Испытывая досаду, поскольку сейчас ей очень не хотелось отвлекаться, молодая женщина вскрыла телеграмму. Она бы предпочла сконцентрироваться на персонаже нежной Мими, в которую ей предстояло перевоплотиться. К тому же за тяжелым занавесом из красного бархата было темно.
«Если это мама, она могла бы позвонить мне в обед. Господи, она никогда не изменится!»
Перед взором Эрмин на секунду возник образ матери, красивой и своенравной Лоры Шарден, с платиновыми кудряшками, светлыми глазами, всегда изысканно одетой. Затем она попыталась прочесть в полумраке текст телеграммы.
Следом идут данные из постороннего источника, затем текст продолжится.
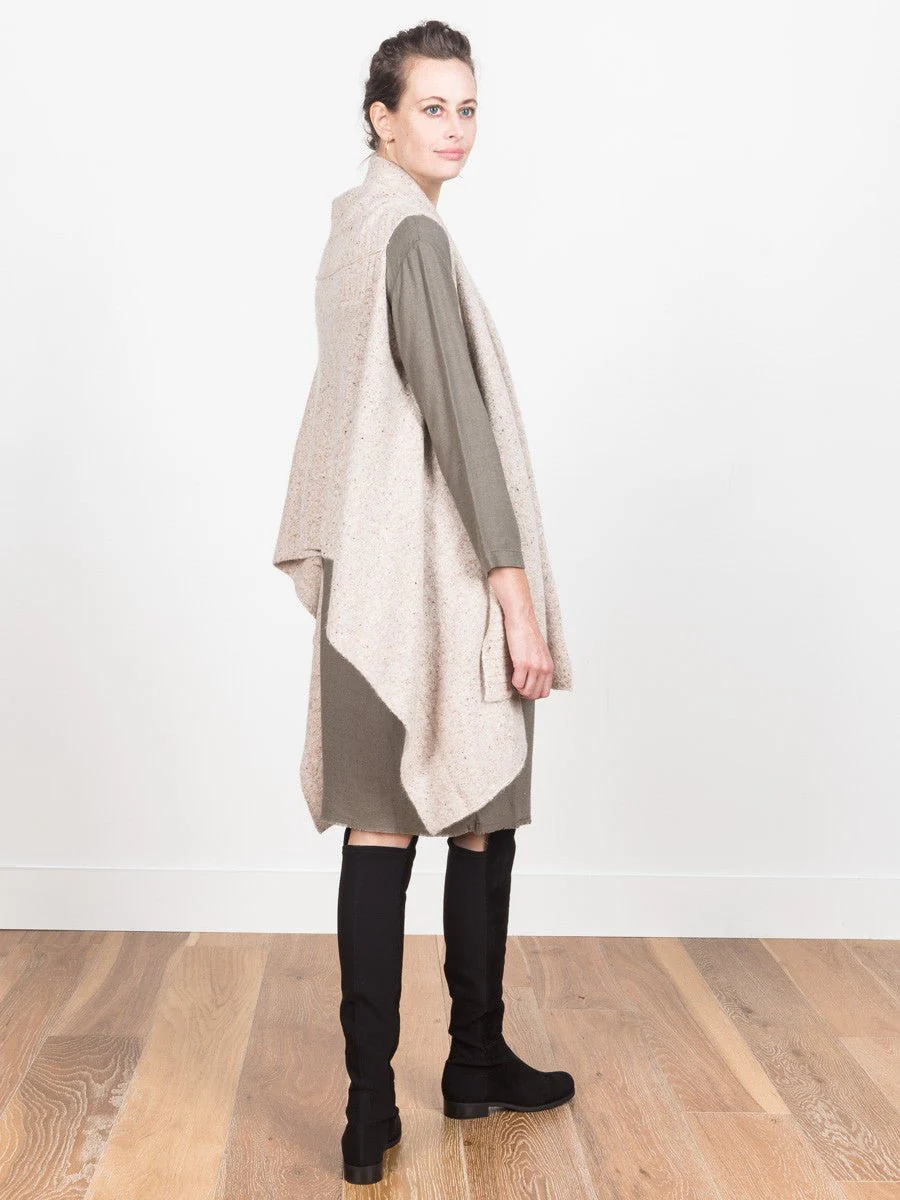 tweed wrap - Image 2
«Дом в Валь-Жальбере сгорел. Жослин и Мирей в больнице. Киона сбежала. Дозвониться до тебя не смогла. Возвращайся скорее. Мама».
Из груди молодой певицы вырвался крик ужаса и недоверия, ноги задрожали. Ее бросило в холод, затем обдало жаркой волной. К счастью, Лиззи, помощница режиссера, всегда находилась неподалеку.
— Что с тобой, Эрмин? О Господи! Плохие новости? Кто-то умер?
Энергичная приземистая Лиззи схватила Эрмин за руку. Ее зеленые глаза с тревогой всматривались из-под шапки кудрявых волос с проседью в прекрасное лицо Соловья из Валь-Жальбера — так прозвала пресса Эрмин Дельбо, одну из самых талантливых обладательниц сопрано своего времени.
— Нет, никто не умер, по крайней мере я на это надеюсь, — пробормотала та вместо ответа. — На, почитай! Боже, я не смогу петь, у меня во рту пересохло, я в шоковом состоянии!
— Ты что! Через три минуты Рудольф останется один и тебе придется идти на сцену, моя дорогая. Поэтому соберись! Я прочла — все это, конечно, неутешительно.